Work required: Repeat exactly the lines of the records below, starting at the line containing "Coach Cashin Double" and ending at the line containing "Ecobag + Disco". Leave the pictures out.

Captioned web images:

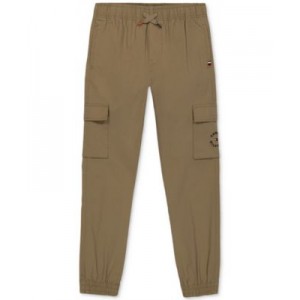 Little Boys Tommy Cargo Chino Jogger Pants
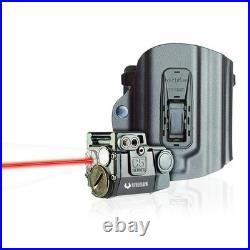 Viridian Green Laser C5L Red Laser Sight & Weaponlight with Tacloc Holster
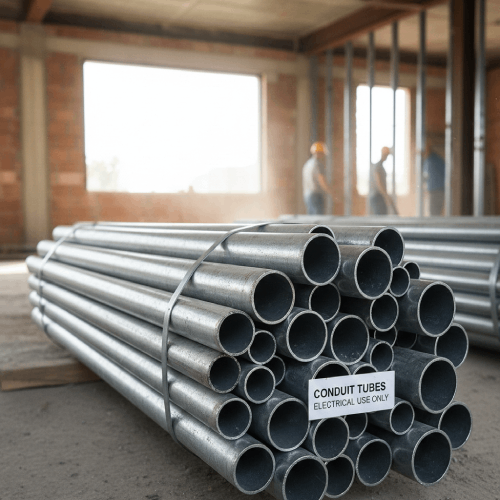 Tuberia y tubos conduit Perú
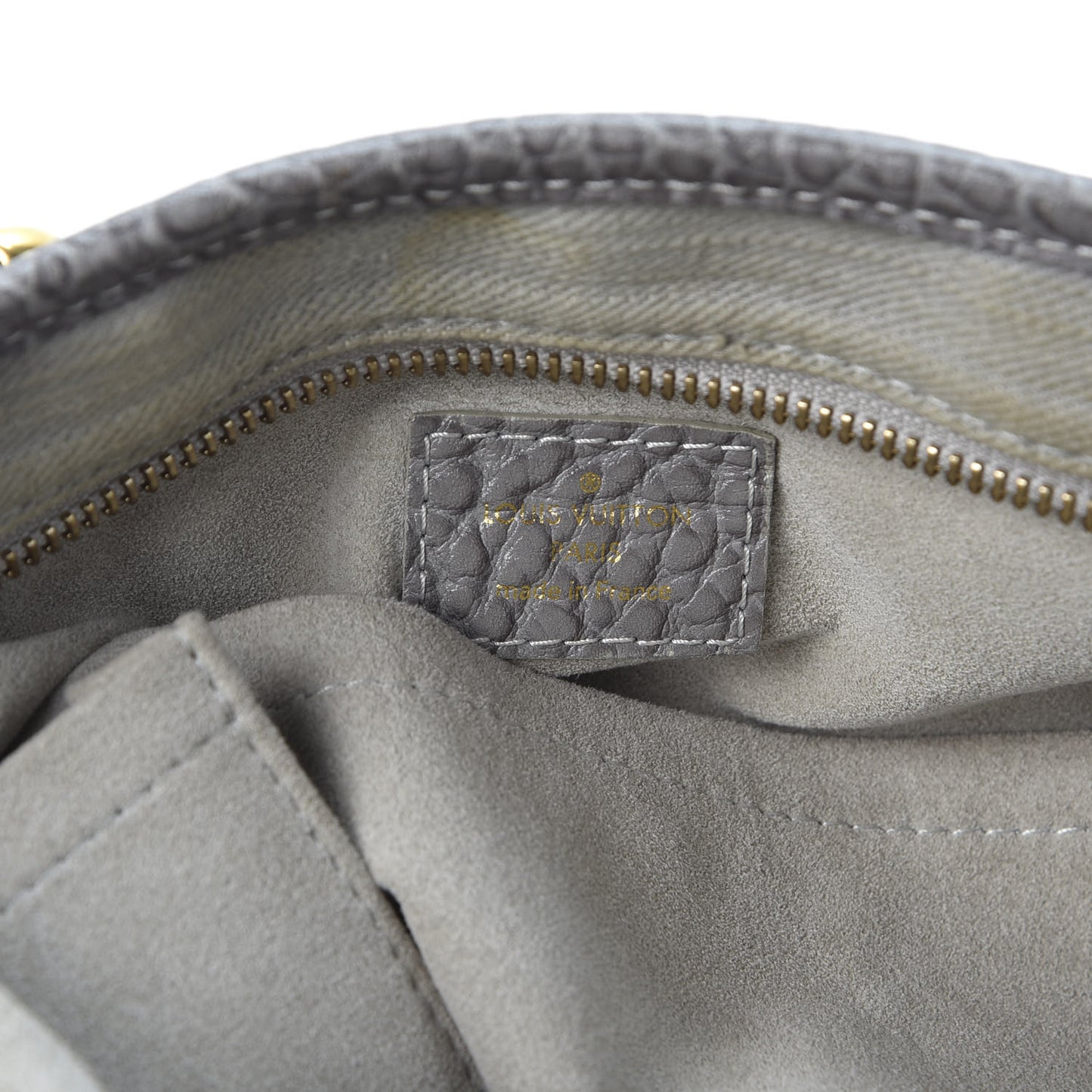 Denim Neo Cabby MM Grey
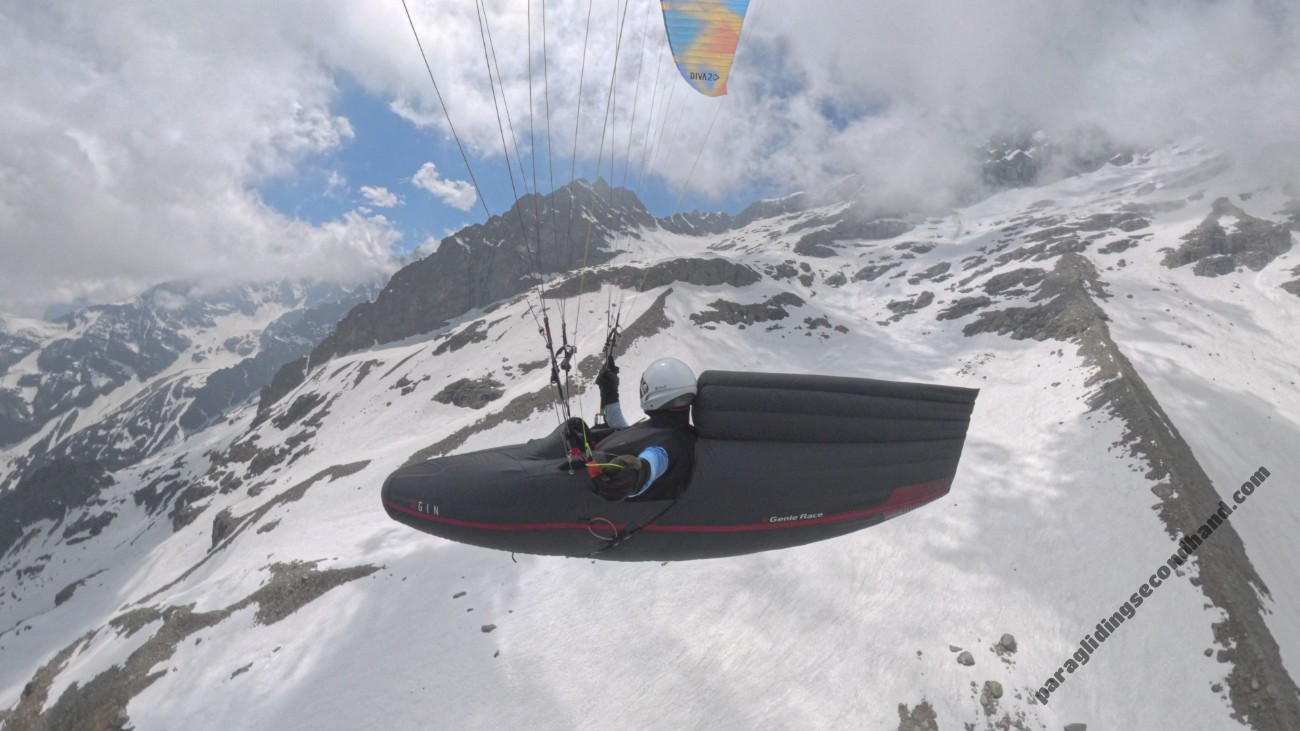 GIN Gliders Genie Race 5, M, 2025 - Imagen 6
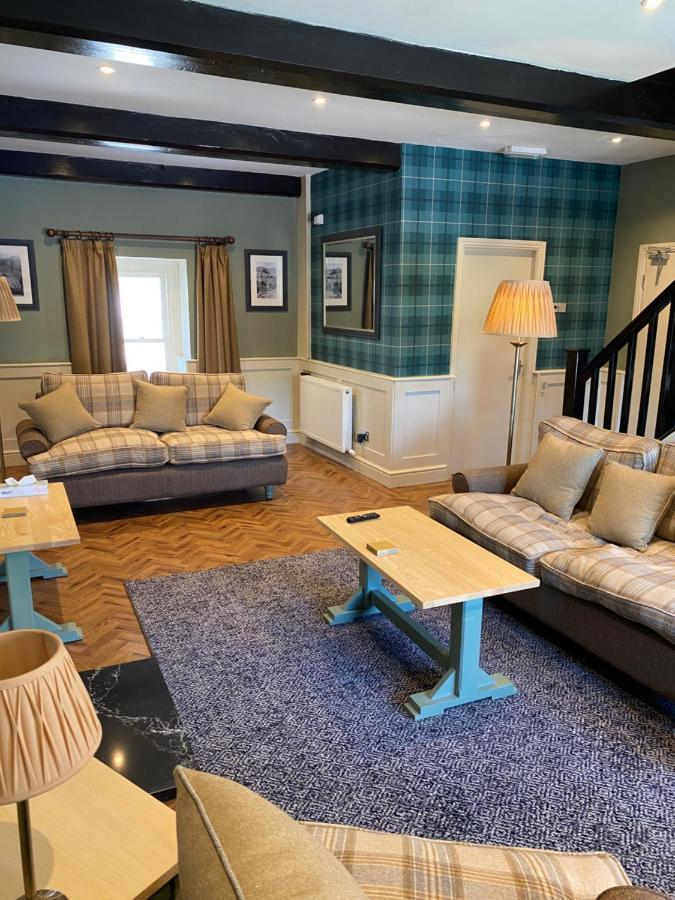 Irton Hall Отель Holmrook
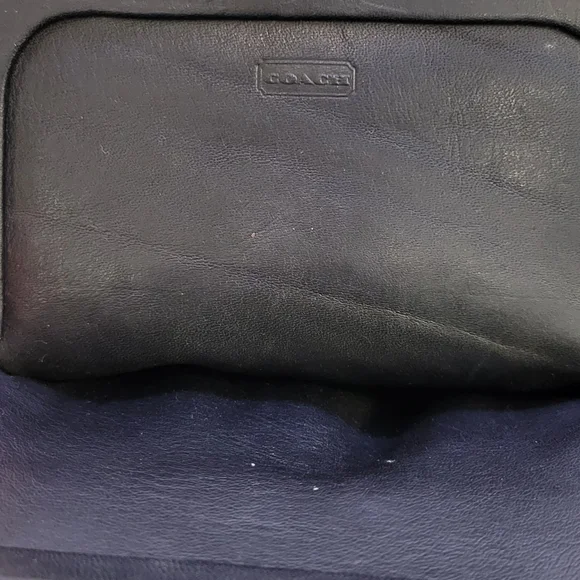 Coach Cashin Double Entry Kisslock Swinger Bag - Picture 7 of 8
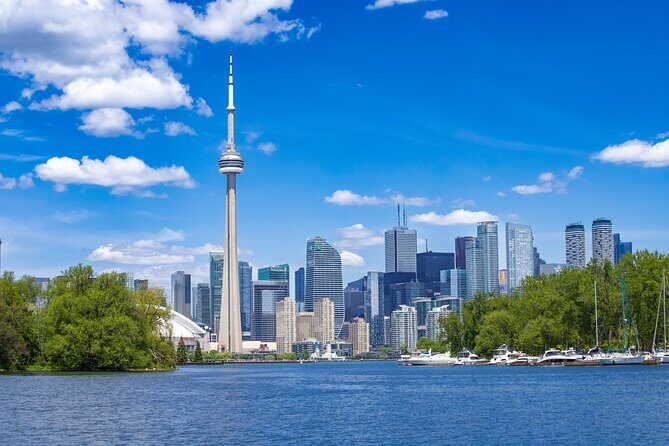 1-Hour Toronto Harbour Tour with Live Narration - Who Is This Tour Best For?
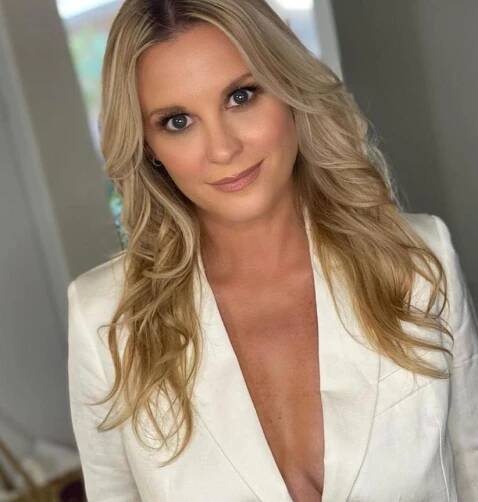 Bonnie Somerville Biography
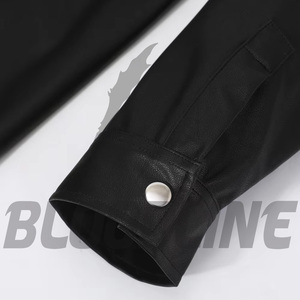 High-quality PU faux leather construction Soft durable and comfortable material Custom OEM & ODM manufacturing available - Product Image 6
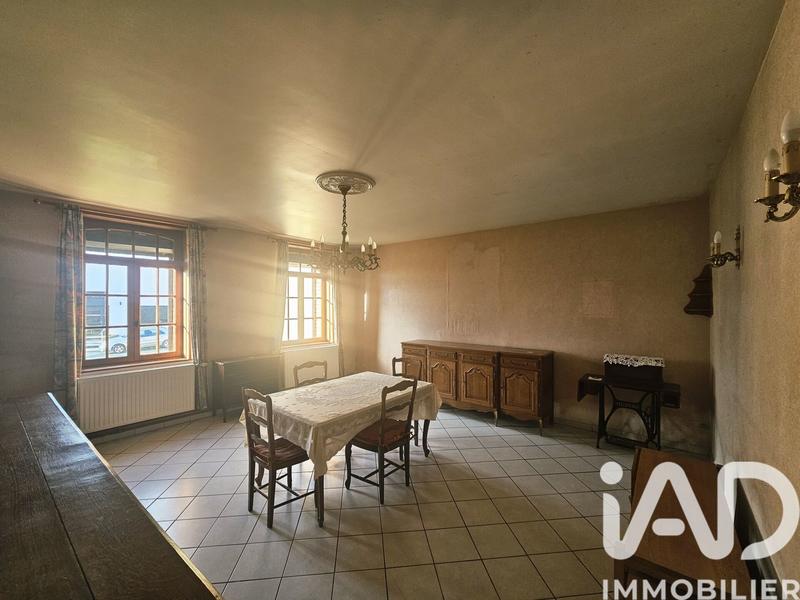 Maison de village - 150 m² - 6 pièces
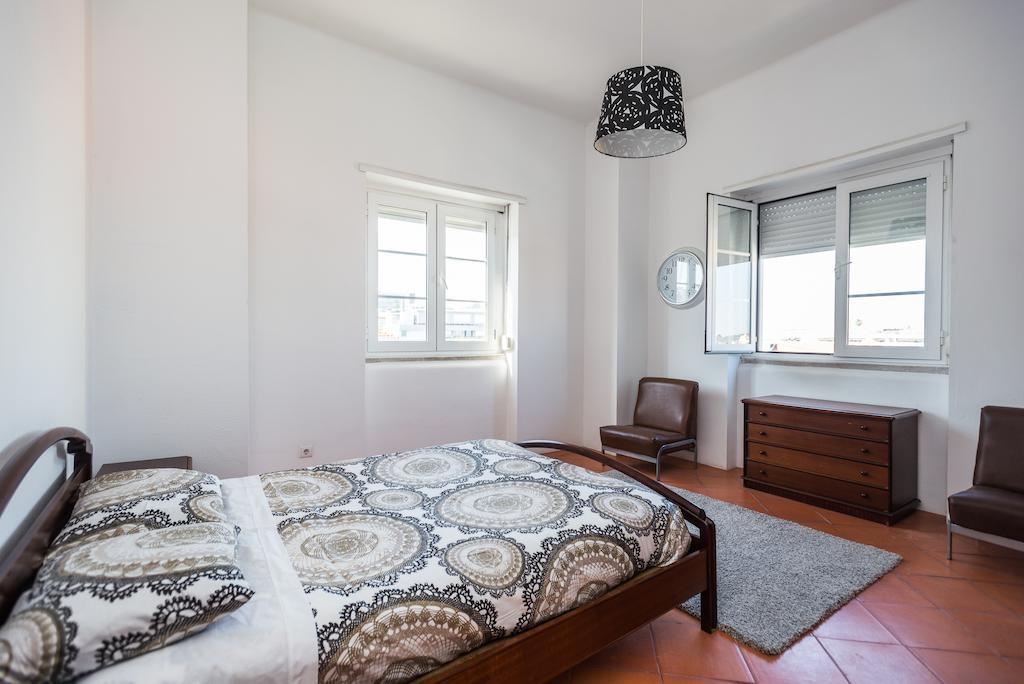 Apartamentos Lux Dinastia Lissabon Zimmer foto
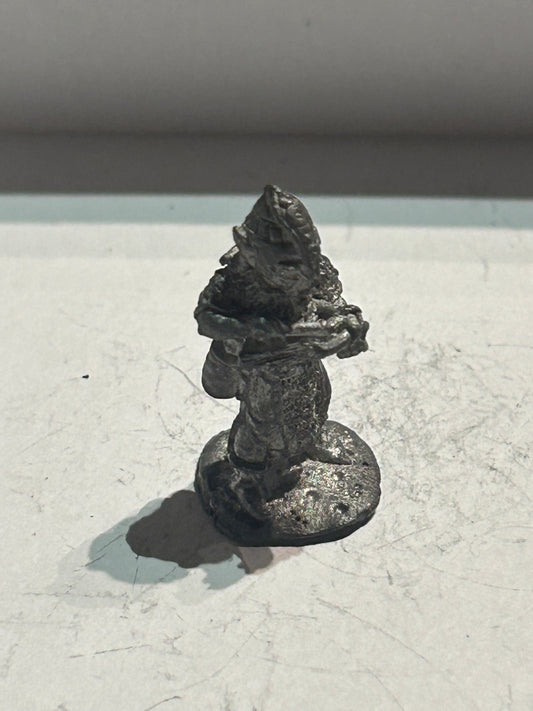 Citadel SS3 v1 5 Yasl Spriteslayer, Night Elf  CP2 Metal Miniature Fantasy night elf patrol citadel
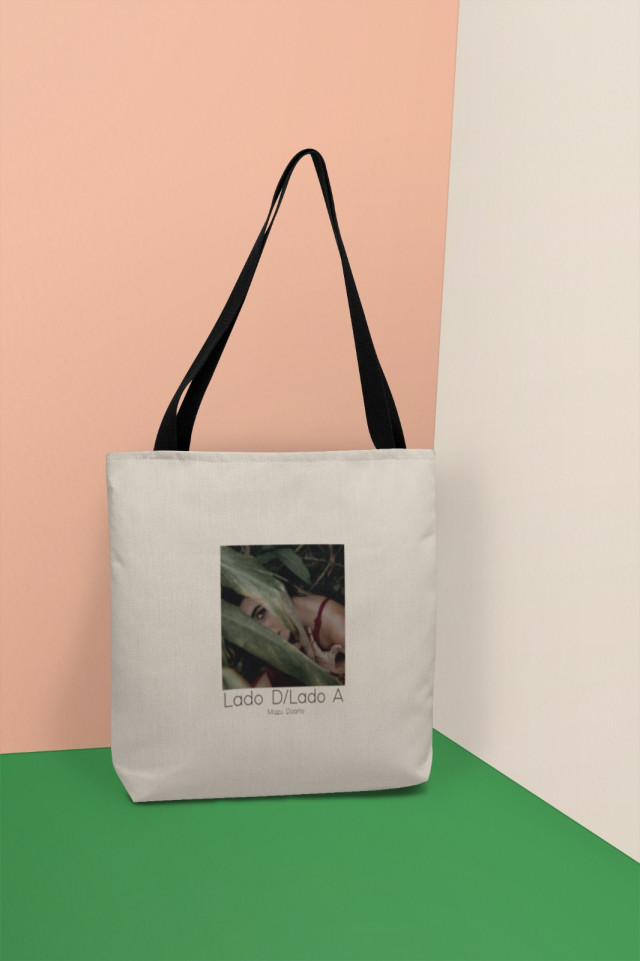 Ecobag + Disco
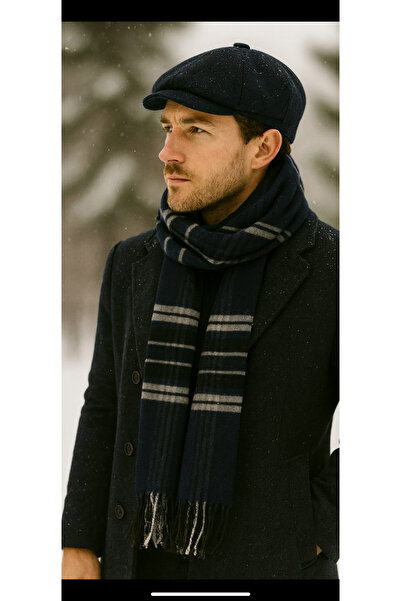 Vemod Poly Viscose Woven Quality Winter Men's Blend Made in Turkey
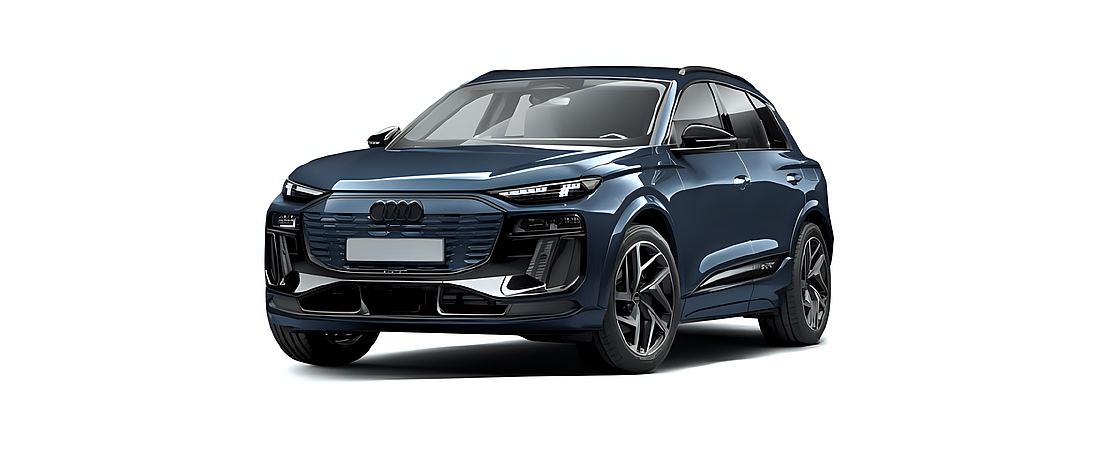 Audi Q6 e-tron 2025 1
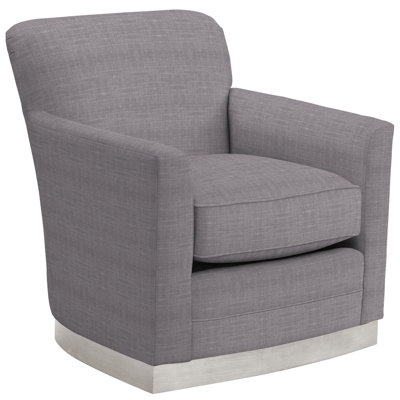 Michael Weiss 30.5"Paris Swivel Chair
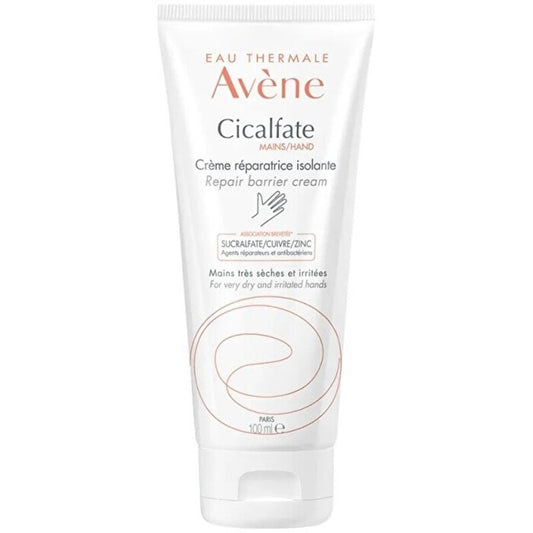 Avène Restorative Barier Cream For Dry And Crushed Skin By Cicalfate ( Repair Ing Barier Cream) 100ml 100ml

Result:
 Coach Cashin Double Entry Kisslock Swinger Bag - Picture 7 of 8
 1-Hour Toronto Harbour Tour with Live Narration - Who Is This Tour Best For?
 Bonnie Somerville Biography
 High-quality PU faux leather construction Soft durable and comfortable material Custom OEM & ODM manufacturing available - Product Image 6
 Maison de village - 150 m² - 6 pièces
 Apartamentos Lux Dinastia Lissabon Zimmer foto
 Citadel SS3 v1 5 Yasl Spriteslayer, Night Elf  CP2 Metal Miniature Fantasy night elf patrol citadel
 Ecobag + Disco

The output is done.